The young Brit who landed the coveted role of Peter Parker in Marc Webb's reboot still isn't sure why he, of all people, lucked into one of Hollywood's most prized franchises.
Coming off the release of the Oscar-calibre drama The Social Network, Garfield turns his attention to the webslinger and, for starters, why he got the role over the other actors out there (including Community's Donald Glover, who tweeted that the two men found common ground): "I have no idea! I'm glad I didn't have to make the decision. I have no idea why they cast me. If I started thinking about that, I think I'd sabotage myself and have to pull myself out of the movie and be like, 'I think you made the wrong decision.'
"I did have a strange moment when I was told I was going to play this role," he added. "I was like, 'Oh, wow, this is something I've wanted to do ever since I was a kid.' There was a moment of total boyish excitement. It was this cosmic convergence where I was in the past, present and future all at once."

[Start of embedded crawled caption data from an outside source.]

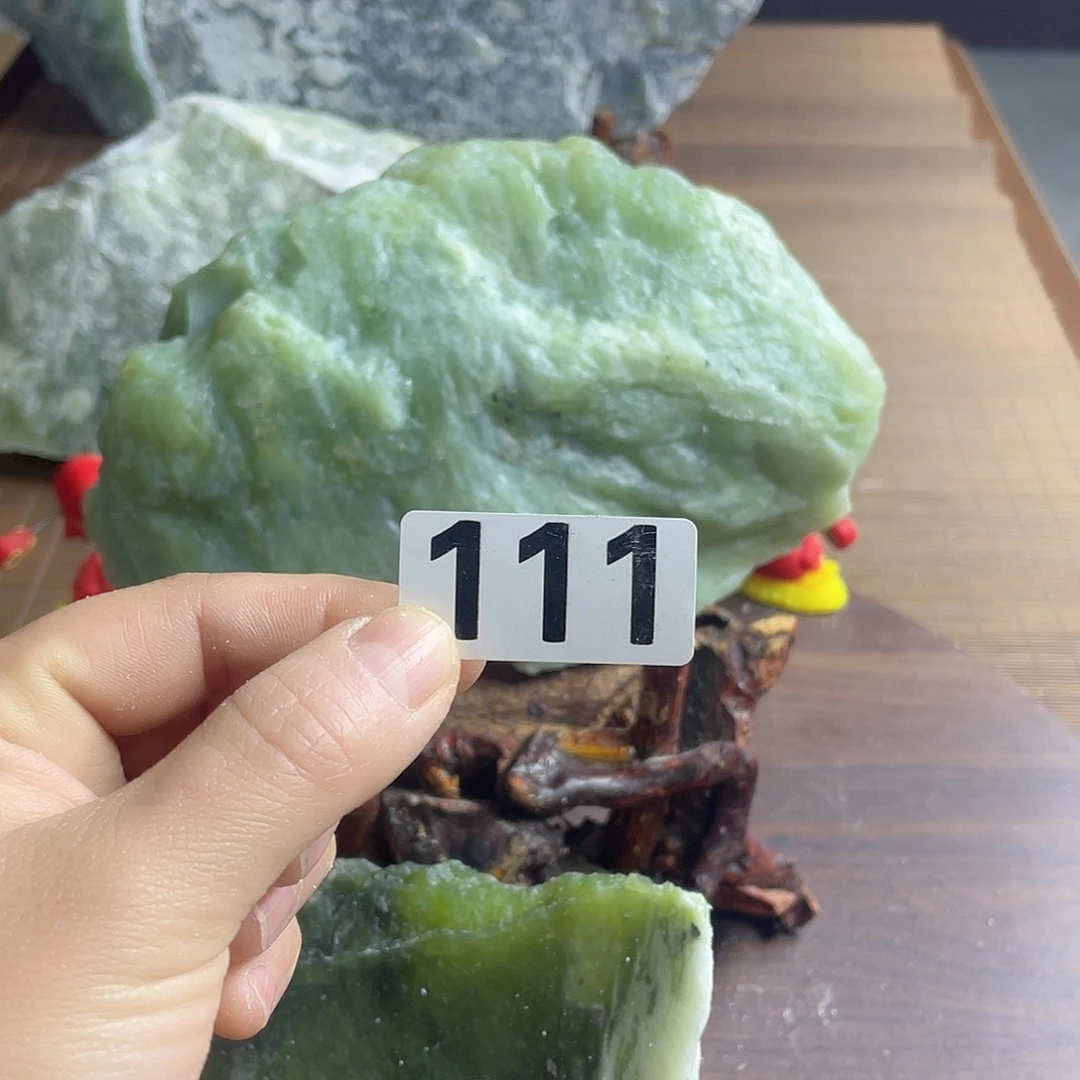 永***王蛇纹石玉未镶嵌珠宝奇石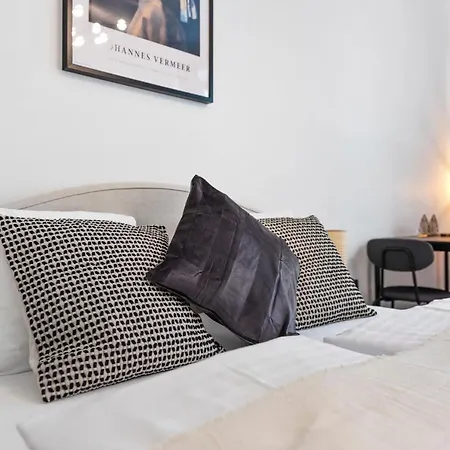 Appartamento Cozy In 16th District *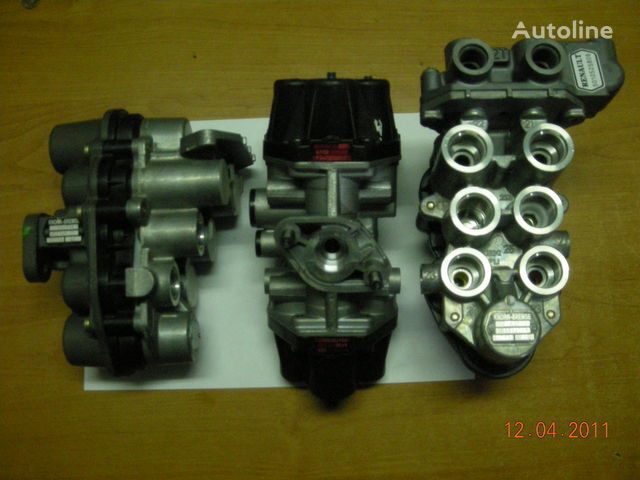 ZB4587 AE4510 AE4525 AE4502 AE 4528 AE4604 AE4162 Hauptbremsventil für Sattelzugmaschine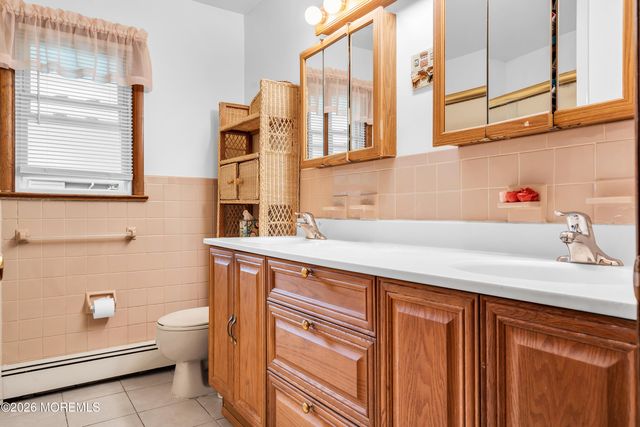 5 Princeton Street, Red Bank, NJ 07701
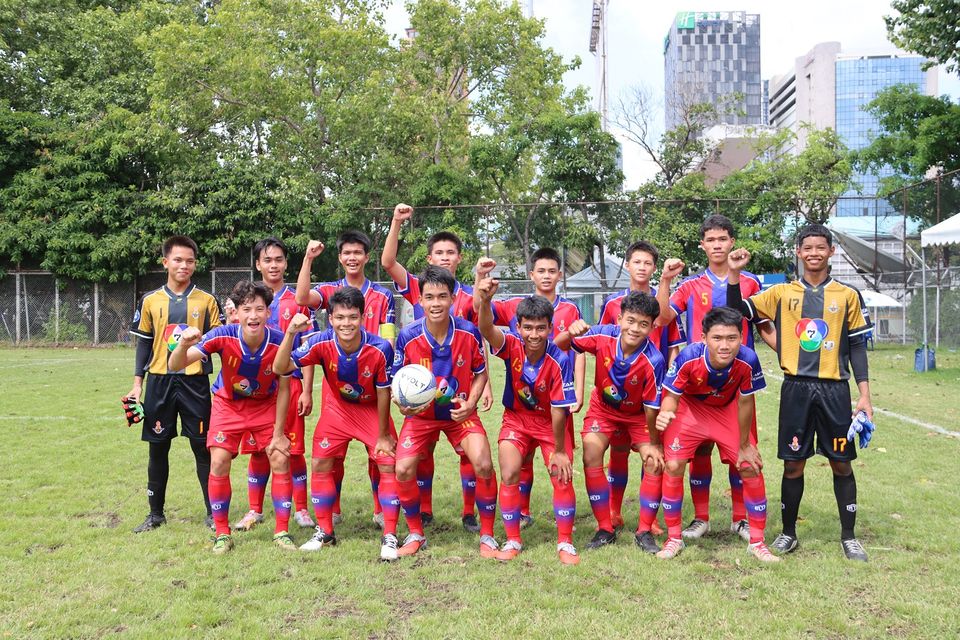 ศึก “ฟุตบอลนักเรียน 7 คน แชมป์กีฬา 7HD แชมเปียน คัพ 2025” มันไม่แผ่ว ทีมวางยังเก๋า “ปทุมคงคา-อัสสัมชัญศรีราชา-ท่าข้ามพิทยาคม” บู๊เดือดทะลุรอบ 128 ทีม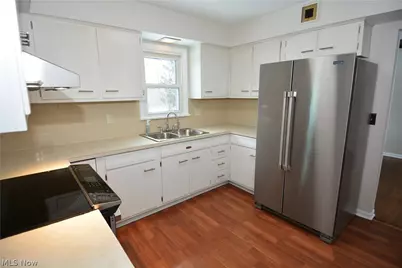 2405 Weymouth Road, Hinckley, OH 44233 - Photo 19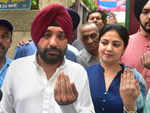 ​Congress candidate Arvinder Singh Lovely votes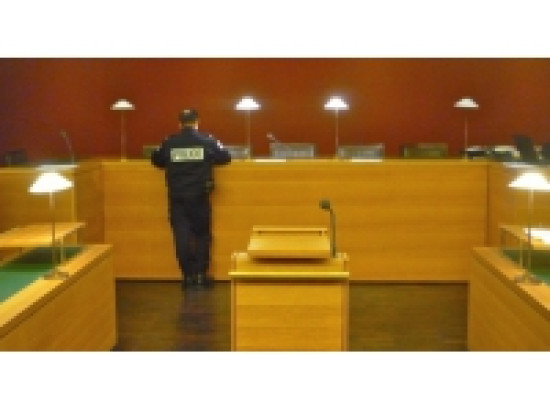 Jug&eacute;s pour non-assistance &agrave; une personne bless&eacute;e par balles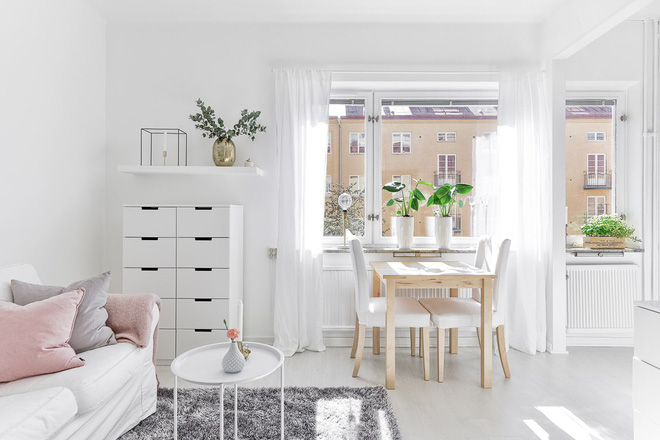 Chỉ 28m² nhưng căn hộ màu trắng này vừa đẹp không tì vết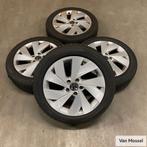 Golf 8 Belmont Pirelli Sottozero 3 205/50/R17 93H, Gebruikt, Banden en Velgen, 17 inch, Personenwagen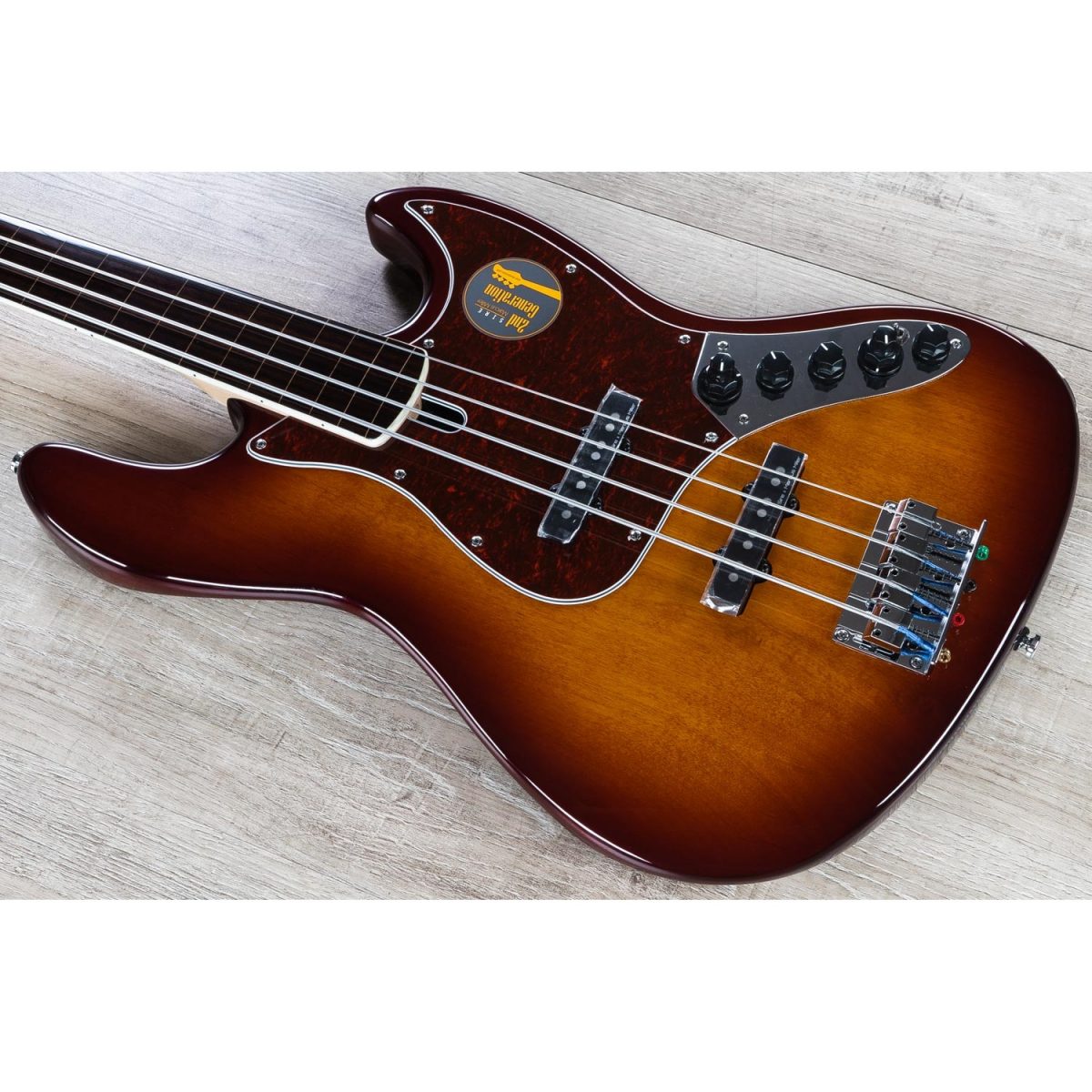 Sire - Fretless V7 Marcus Miller - Alder - Tobacco Sunburst Body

As for any advice he might've gotten when the news broke, Garfield did get a couple of well-sourced tips:
"I was told by someone who should be listened to — I'm not going to say who it was—he said, 'Don't try and live up to it. Don't think you have to live up to what that image and that symbol means to people.' And first I thought that was really reassuring. But then you go, 'No, I really want to live up to that symbol.' When I was 12 years old I saw the struggle Peter Parker was going through to be of use to society, I wanted to live up to that. And I realized that even Peter Parker is trying to live up to that symbol of Spider-Man he's created. That's what makes him so special: He's undeniably human and going through the same struggles as everyone else. So you try to live up to that symbol and then you have to be okay not living up to it, because not even Peter Parker can do it."